Byrne, like Brand, was to perform all of her own vocals.
“When I auditioned, they did not mention, ‘Oh, can you sing?’” she says. “I can’t really sing, but I can hold a tune; I’m not tone deaf. I thought, ‘What if I had been?’ What would they have done then? But I did three days of recording, and it was so fun.”
Brand clearly had a hell of a time recording the songs as well, stating: “It was brilliant fun. I really enjoyed the performances enormously.
“It’s lovely living out your childhood fantasies to be a rock star. All the times I pretended to be a rock star, with a hairbrush and tennis racket... I got to live out those fantasies in front of thousands of people.”

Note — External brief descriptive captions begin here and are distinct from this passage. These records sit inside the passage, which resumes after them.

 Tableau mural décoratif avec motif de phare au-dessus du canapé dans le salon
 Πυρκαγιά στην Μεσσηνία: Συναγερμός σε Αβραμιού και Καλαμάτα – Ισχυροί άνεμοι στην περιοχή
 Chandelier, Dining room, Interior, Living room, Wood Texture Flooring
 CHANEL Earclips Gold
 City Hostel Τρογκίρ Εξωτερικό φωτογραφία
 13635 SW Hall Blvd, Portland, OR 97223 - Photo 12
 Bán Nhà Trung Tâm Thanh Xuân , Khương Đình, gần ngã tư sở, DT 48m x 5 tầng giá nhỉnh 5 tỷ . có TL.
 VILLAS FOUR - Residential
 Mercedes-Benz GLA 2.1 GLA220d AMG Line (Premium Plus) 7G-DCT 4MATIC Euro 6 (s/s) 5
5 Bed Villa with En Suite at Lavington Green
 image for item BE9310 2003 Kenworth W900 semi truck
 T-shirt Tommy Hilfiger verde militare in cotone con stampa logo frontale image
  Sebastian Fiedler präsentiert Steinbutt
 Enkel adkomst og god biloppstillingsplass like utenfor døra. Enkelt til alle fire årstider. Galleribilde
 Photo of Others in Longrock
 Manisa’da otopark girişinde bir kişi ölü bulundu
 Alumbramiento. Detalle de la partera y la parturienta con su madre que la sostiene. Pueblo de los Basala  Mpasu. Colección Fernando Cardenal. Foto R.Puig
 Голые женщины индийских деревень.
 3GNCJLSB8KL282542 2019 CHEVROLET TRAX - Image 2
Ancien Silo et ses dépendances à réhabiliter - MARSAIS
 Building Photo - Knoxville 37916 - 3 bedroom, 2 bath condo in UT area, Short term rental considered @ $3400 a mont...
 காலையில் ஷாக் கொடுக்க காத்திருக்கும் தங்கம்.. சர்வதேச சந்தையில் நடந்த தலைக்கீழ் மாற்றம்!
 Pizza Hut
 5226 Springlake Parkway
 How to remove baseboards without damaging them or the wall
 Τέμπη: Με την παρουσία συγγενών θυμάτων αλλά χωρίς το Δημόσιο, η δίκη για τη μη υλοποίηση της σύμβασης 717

Next: Give It Up For The Greek[page-break]
Give It Up For The Greek
Despite opening the same weekend as big green ogre Shrek (in Shrek Forever After), Get Him To The Greek jumped straight into the number two spot at the US box office in June. Its opening weekend took a not inconsiderable $17m.
At present it has made $53m – and that’s before it has even hit UK cinemas.
Reviews have been generally positive, with the current Rotten Tomatoes rating sitting at 74% - lower than Sarah Marshall, but not far off.
By all accounts, Brand enjoyed his return to the nutso world of Aldous Snow, claiming that he didn’t feel any pressure to deliver on a par with the first time we met the character.
“No, I did not feel any pressure at all,” he says. “I mean, I knew there had to be some continuity because they liked that character and my relationship with Jonah. That’s why this film was being made, so if I said, ‘Well, now I see him as a Frenchman,’ they would have quarrelled with that analysis.”
Still, dare we ask about a sequel? “This character keeps resurfacing like a corpse abandoned in the Thames,” Brand colourfully explains. “We will never be free of it, never, unless we tie concrete to his ankles and abandon him in some deeper body of water.
“I think perhaps it will return again and again. Perhaps it will be like the new James Bond or Sherlock Holmes, constantly played. 16 movies, Basil Rathbone will have a go, Sean Connery. That’s my feeling.”